Século 15, época da Inquisição. Em Portugal, os judeus convertidos tentavam fugir das constantes perseguições. Mas rezar o Pai-Nosso e molhar a cabeça com as águas do batismo não era o suficiente. Para não serem mortos, os cristãos-novos, como eram chamados, tinham de trabalhar aos sábados e, mais importante, comer o que os católicos comiam. Foi então que eles inventaram a alheira, uma espécie de lingüiça sem porco – alimento proibido para os judeus. A técnica consistia em rechear o chouriço com diferentes carnes como vitela, coelho, peru, pato e galinha, e envolvê-lo em um pão de centeio. Como condimentos, a massa levava pimenta branca, sal, salsa, louro, cebola e – indispensável – muito alho, que deu nome ao prato.

Não se sabe ao certo até que ponto os judeus alteraram os hábitos alimentares de portugueses e de outros povos com os quais conviveram. O fato é que, em suas constantes migrações, eles interagiam com as populações locais, enriquecendo ambas as culinárias. Muitas vezes, pela falta de ingredientes disponíveis ou em épocas de pobreza e dificuldade, era preciso modificar o cardápio tradicional. Para o gourmet Breno Lerner, “não existe uma culinária judaica, e sim uma forma judaica de fazer a culinária dos outros”. Mas, além de adaptar pratos alheios a suas leis gastronômicas, os judeus construíram ao longo dos tempos uma relação mais profunda com a gastronomia. Para eles, o ato de sentar-se à mesa simboliza a permanência da tradição, o elo com os antepassados e a união da família.

É como explica Marcia Algranti, autora de Cozinha Judaica – 5 000 anos de História: “por tratar-se de um povo que desde tempos imemoriais foi sempre banido de seus países de origem, conservar os hábitos alimentares, em um novo país, era como se sentir menos apátrida”. E, ainda hoje, mesmo com um país para chamar de seu, muito do cotidiano da maioria das famílias judaicas é compartilhado em volta da mesa.

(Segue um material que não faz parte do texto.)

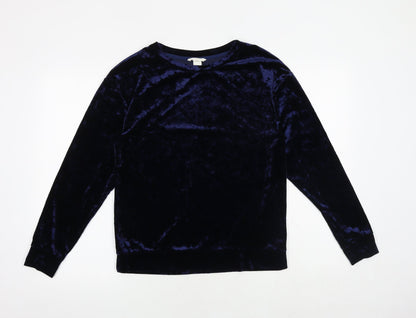 H&M Womens Blue Polyester Pullover Sweatshirt Size S Pullover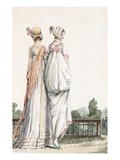 Two Ladies in Promenade Dresses, 1796 (Coloured Engraving) Giclee Print by  French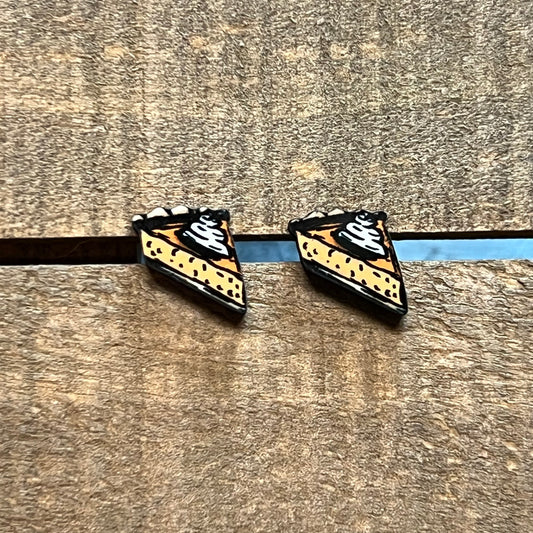 Pumpkin Pie Slice Wood Stud Earrings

É ao redor dela que são comemorados os dias sagrados, as festas, os casamentos e os nascimentos.

As receitas do que se pode chamar de “culinária judaica” variam principalmente entre dois grandes grupos de judeus: os ashkenazim – que em sua maioria foram levados pela Diáspora para a Europa Central e Oriental – e os sefaradim – que seguiram para países árabes e da Península Ibérica. Por terem condições de vida distintas e lidarem com diferentes alimentos, essas comunidades desenvolveram hábitos gastronômicos particulares, que hoje se encontraram na nova culinária de Israel.

Às voltas com o clima gelado da Europa Oriental, os ashkenazim tinham poucos ingredientes para variar seu cardápio. Batata, beterraba, cebola, repolho, trigo sarraceno (ou kasha), gordura de galinha, carne de segunda e peixe eram praticamente todos os insumos de que dispunham. Uma canção popular iídiche revela a escassez da variedade dos pratos: “Domingo, batatas; segunda, batatas; terça, batatas; quarta, batatas; quinta, batatas; sexta, batatas; e sábado, um tchulent (cozido) com batatas!”

Mesmo com poucos alimentos disponíveis, os habitantes do Leste Europeu criaram pratos típicos hoje famosos, como os latkes, bolinhos de batata ralada servidos em muitas delicatessen americanas, e o fígado batido, quase obrigatório nas mesas de sábado, dia de descanso judaico. Há também um prato consumido por todos os judeus, mas que tem especial significado para os ashkenazim: o gefilte fish. Originalmente, a pele do peixe, principalmente a carpa, era retirada, cozida e colocada novamente para servir como se fosse um peixe inteiro. Mas como eram pobres e não podiam comprar muito do peixe fresco, os judeus ashkenazim maquiavam o prato. A carne era retirada e incrementada com cebola, ovos e pão, para aumentar a quantidade.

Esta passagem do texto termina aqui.